The state's wheat crop estimate could now be revised downward, Bento said, without giving details.
Rio Grande do Sul, Brazil's No. 2 wheat-producing state, should produce more than 2 million tonnes of wheat in 2008-09, according to Brazil's National Commodities Supply Corp., or Conab.
In recent weeks Rio Grande do Sul has been lashed by heavy rain and hail followed by hot spells and then more rain.
Bento said that Rio Grande do Sul harvested only around 10 percent of its wheat in the first half of October compared to the norm of 15 percent or 20 percent for the time of year.
Marcilio Saiki at Brazil's largest agricultural cooperative, Coamo, said the quality of the wheat is likely to be lower quality in 2008-09 in Rio Grande do Sul, where the harvest has been impacted by the rain.
"More rain is expected, and this could further impact the state's wheat crop," Saiki said, without giving details.
Odilone Soares DaCosta, an agronomist with the state's rural assistance agency Emater, is more optimistic.
Rio Grande do Sul's wheat harvest should remain within the range of Conab, despite the recent rains, he said.
"We've seen problems in specific regions such as Sao Borja in the northwest, but this is isolated," he said. This region is one of the first to harvest and has been impacted by the rains that slowed the cutting process.
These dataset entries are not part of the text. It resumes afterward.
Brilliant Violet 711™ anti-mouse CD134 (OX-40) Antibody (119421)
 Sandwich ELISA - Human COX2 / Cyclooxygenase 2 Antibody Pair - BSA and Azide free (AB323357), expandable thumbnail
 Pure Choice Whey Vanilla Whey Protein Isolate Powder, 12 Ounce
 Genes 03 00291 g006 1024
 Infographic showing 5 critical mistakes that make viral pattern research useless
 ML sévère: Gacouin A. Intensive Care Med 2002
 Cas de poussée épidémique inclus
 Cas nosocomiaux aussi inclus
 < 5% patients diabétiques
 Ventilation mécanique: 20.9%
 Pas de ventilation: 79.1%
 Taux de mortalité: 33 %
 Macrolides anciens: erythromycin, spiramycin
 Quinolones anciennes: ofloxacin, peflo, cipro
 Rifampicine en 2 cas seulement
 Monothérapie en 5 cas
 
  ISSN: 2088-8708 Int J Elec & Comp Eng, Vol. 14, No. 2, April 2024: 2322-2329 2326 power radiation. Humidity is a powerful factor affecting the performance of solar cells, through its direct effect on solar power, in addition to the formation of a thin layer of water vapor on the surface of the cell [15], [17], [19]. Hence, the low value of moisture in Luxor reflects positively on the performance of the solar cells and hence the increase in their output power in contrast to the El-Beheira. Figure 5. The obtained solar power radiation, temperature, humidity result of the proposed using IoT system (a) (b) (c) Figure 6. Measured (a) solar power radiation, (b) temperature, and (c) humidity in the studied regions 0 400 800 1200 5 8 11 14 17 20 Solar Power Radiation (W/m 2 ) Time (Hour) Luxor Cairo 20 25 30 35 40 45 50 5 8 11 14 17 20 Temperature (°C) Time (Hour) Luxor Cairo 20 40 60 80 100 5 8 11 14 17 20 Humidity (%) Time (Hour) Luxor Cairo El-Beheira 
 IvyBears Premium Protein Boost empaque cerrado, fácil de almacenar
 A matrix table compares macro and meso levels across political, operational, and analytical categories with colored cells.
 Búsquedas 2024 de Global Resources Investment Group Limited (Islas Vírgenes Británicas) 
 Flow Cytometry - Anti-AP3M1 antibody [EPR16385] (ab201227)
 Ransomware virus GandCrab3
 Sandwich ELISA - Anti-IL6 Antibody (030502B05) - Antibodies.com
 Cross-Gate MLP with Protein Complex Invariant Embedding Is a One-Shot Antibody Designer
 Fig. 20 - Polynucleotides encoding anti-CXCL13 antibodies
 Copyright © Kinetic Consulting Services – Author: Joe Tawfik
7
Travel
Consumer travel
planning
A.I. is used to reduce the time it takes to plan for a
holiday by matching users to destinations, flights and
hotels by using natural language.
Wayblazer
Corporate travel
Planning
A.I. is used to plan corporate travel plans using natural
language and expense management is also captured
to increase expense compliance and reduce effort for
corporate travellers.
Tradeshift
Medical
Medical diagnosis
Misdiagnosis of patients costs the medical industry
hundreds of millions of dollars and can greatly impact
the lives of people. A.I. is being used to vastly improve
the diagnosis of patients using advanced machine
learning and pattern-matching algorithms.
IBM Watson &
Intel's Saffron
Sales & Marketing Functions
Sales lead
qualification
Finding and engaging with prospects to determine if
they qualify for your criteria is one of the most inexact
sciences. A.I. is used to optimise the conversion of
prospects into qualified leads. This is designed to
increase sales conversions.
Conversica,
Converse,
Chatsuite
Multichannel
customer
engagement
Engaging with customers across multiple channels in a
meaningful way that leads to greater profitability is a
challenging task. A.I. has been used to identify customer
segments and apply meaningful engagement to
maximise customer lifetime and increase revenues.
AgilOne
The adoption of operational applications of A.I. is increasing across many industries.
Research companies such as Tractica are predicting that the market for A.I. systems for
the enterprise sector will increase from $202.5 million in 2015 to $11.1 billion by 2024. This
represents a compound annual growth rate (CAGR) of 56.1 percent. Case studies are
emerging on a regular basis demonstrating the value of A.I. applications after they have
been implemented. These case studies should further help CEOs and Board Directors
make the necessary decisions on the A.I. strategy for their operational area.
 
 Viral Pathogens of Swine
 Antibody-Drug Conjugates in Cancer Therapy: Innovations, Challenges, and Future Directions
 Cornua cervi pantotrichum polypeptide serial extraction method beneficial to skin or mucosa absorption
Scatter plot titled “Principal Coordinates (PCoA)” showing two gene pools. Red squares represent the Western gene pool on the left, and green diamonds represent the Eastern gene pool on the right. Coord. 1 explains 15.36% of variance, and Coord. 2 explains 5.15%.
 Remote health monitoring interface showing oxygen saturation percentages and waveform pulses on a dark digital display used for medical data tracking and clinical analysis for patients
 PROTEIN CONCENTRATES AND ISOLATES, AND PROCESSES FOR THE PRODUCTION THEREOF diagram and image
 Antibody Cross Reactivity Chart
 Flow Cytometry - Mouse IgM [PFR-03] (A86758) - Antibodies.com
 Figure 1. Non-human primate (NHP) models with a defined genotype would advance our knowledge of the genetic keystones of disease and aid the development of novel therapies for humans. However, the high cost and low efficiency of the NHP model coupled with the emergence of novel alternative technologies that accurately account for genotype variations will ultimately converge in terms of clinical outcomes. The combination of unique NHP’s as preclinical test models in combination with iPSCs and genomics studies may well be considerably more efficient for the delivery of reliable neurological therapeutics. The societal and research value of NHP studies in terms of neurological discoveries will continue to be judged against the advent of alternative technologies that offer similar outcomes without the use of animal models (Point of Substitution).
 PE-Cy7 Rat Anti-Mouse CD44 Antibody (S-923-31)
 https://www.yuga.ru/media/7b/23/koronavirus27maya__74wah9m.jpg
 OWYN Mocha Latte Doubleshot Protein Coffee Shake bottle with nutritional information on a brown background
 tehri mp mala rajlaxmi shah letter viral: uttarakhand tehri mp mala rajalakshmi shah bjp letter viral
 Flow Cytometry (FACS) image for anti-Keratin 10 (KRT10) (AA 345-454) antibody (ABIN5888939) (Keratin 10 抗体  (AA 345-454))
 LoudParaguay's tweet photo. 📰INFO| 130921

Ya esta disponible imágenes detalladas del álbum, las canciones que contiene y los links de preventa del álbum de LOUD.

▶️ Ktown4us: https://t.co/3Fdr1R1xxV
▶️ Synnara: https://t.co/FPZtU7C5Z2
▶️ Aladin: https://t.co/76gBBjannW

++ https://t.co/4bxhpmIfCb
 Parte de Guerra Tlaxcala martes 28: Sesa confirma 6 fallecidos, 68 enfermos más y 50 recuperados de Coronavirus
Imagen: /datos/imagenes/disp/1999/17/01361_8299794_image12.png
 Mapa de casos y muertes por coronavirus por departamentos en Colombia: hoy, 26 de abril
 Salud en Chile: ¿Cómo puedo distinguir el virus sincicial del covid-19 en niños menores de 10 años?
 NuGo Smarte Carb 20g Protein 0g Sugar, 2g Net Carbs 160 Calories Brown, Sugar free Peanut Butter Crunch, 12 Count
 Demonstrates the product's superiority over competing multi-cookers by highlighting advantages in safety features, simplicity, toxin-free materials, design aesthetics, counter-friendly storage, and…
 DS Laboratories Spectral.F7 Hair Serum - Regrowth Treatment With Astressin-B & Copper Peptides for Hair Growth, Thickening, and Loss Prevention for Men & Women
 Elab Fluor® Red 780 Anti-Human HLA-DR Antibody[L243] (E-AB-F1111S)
Still, in most areas it's still to early to determine the impact of the weather on the 2008-09 crop, he warned.
Parana, Brazil's No. 1 wheat-producing state, also experienced recent rain but is unlikely to see a reduction in production or quality, said Bento.
Parana should produce around 2.9 million tonnes in 2008-09, while Brazil's total wheat production is estimated at 5.8 million tonnes in 2008-09, said Conab.